Begin with the line that has "this 650×400 image.". Give it and every line after it again, exactly, through the end of the entries below.

+ + +

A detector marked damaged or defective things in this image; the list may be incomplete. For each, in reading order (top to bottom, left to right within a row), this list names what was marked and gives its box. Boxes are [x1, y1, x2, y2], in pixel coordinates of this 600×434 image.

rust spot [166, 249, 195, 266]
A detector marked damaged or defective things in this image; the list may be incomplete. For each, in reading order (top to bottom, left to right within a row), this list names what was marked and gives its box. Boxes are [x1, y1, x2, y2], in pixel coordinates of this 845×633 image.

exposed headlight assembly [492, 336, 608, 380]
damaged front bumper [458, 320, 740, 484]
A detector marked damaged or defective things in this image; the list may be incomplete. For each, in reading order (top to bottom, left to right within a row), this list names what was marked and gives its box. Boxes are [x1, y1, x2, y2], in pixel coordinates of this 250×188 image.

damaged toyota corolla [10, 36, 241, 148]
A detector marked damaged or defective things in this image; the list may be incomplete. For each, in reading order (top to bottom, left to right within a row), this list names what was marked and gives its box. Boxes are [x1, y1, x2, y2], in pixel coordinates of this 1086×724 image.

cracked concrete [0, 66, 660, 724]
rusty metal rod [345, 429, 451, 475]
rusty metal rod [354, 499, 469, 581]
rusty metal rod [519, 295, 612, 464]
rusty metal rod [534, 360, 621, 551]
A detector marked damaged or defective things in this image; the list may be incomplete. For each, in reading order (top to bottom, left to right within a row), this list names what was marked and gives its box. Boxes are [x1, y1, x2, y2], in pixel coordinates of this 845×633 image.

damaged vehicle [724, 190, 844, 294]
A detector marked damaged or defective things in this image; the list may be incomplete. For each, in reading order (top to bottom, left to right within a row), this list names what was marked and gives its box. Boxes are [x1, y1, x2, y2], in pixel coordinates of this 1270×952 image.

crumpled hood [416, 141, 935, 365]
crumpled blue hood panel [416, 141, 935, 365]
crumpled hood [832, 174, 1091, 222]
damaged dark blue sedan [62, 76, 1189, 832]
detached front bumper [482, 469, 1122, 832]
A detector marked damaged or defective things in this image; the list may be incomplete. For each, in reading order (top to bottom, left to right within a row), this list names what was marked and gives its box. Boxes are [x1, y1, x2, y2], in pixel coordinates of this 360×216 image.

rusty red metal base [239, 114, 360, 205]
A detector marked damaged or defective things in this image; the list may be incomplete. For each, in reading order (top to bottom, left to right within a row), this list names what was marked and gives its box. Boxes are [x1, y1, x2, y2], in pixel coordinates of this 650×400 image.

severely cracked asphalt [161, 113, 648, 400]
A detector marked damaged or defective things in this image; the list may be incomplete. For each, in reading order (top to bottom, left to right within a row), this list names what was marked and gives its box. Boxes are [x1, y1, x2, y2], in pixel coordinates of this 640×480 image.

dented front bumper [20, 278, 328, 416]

+ + +

▸ SOLUTION TO THE EXERCISE:
A detector marked damaged or defective things in this image; the list may be incomplete. For each, in reading order (top to bottom, left to right within a row), this list names what was marked and gives its box. Boxes are [x1, y1, x2, y2], in pixel coordinates of this 650×400 image.

severely cracked asphalt [161, 113, 648, 400]
A detector marked damaged or defective things in this image; the list may be incomplete. For each, in reading order (top to bottom, left to right within a row), this list names what was marked and gives its box. Boxes are [x1, y1, x2, y2], in pixel coordinates of this 640×480 image.

dented front bumper [20, 278, 328, 416]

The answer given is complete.